Let’s use the pandas .isna()
method to see if we
have any units that could not be assigned to districts:
>>> assignment.isna().sum()
0
This means that every unit was successfully assigned. If our basic units were too large to get a meaningful assignment, or if the districts did not cover all of our units (e.g. if our units included parts of the Atlantic Ocean but the districts did not), then we would have units with NA assignments that we would need to make decisions about.
We’ll save the assignment in a column of our units
GeoDataFrame:
>>> units["SENDIST"] = assignment
Creating a Partition
with the real-life assignment¶
Now we are ready to use this assignment in GerryChain. We’ll start by loading in our Graph from a pre-saved JSON file:
>>> from gerrychain import Graph, Partition
>>> graph = Graph.from_json("./Block_Groups/BG25.json")
In order to get this assignment onto the graph, we need to match the nodes of
our graph to the geometries in units
by their GEOIDs. We can use the graph
object’s .join()
method to do this matching automatically:
>>> graph.join(units, columns=["SENDIST"], left_index="GEOID10", right_index="GEOID10")
The left_index
and right_index
arguments tell the .join()
method to use
the GEOID10
node attribute and the GEOID10
column of units
to match the
records in units
to the nodes of our graph.
Now graph
has a node attribute called SENDIST
that we can use to create a
Partition:
>>> real_life_plan = Partition(graph, "SENDIST")
To check our work, let’s plot the real_life_plan
using the Partition’s
.plot()
method:
>>> real_life_plan.plot(units, figsize=(10, 10), cmap="tab20")
>>> plt.axis('off')
>>> plt.show()
That looks like a districting plan! Woohoo! 🎉🎉🎉
Troubleshooting possible issues¶
If the plan looked like random noise or confetti, then we might suspect that something had gone wrong. The two places we would want to look for problems would be:
the
graph.join
call, which would go wrong if the GEOIDs did not match up correctly, orthe final
real_life_plan.plot
call, which would go wrong if the GeoDataFrame’s index did not match the node IDs of our graph in the right way.
We could inspect both issues by making sure that the records with matching IDs actually referred to the same block groups.

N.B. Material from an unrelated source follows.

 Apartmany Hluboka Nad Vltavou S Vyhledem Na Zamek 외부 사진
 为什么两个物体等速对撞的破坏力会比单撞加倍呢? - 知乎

You also might run into problems when you go to run a Markov chain using the partition we made. If the districts are not contiguous with respect to your underlying graph, you would want to add edges (within reason) to make the graph agree with the notion of contiguity that the real-life plan uses. See What to do about islands and connectivity for a guide to handling those types of issues.